-- YOUR GOAL --
The stretch wanted below opens at the line containing "Garrett Highball Gift Set" and closes at the line containing "Замена сливного шланга Samsung WF60J3090JW". Please return it exactly, with no other lines.

-- TASK INPUTS --
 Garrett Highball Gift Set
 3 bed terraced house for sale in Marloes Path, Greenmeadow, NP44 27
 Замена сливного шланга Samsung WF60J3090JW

--

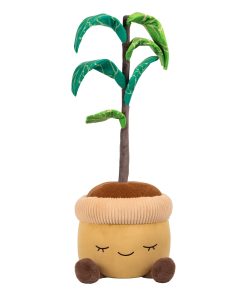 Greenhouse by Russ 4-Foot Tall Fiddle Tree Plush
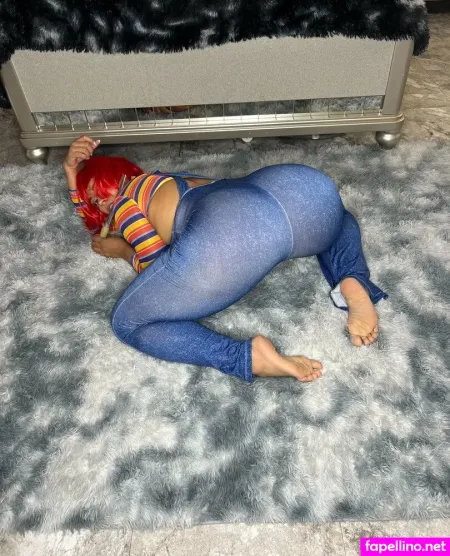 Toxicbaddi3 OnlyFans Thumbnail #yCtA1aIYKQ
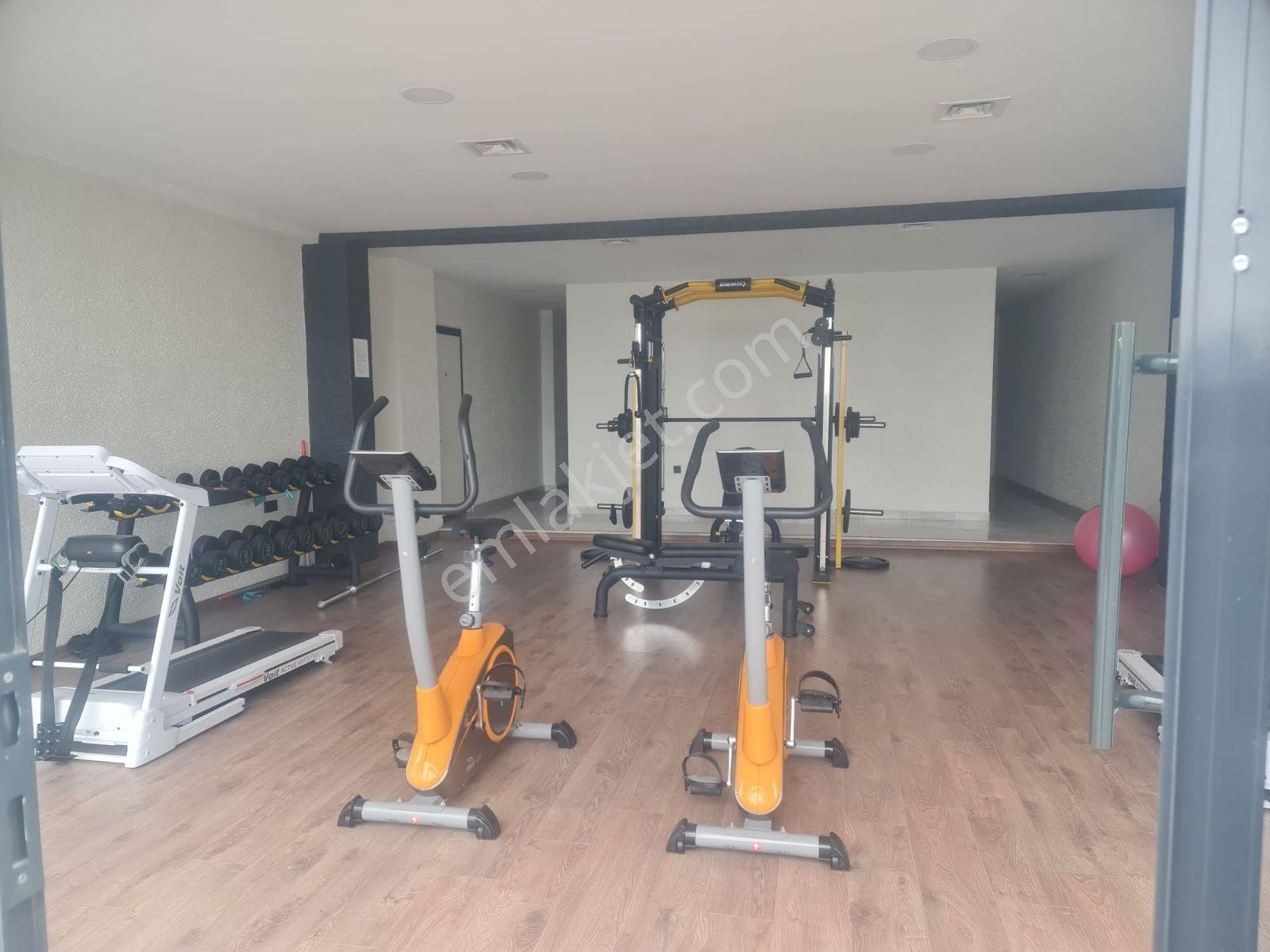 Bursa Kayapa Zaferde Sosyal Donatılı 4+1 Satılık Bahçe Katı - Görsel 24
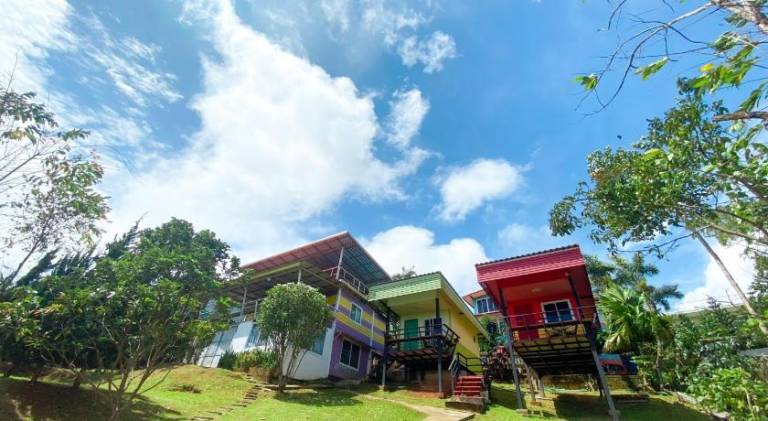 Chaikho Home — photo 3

-- TASK RESPONSE --
 Garrett Highball Gift Set
 3 bed terraced house for sale in Marloes Path, Greenmeadow, NP44 27
 Замена сливного шланга Samsung WF60J3090JW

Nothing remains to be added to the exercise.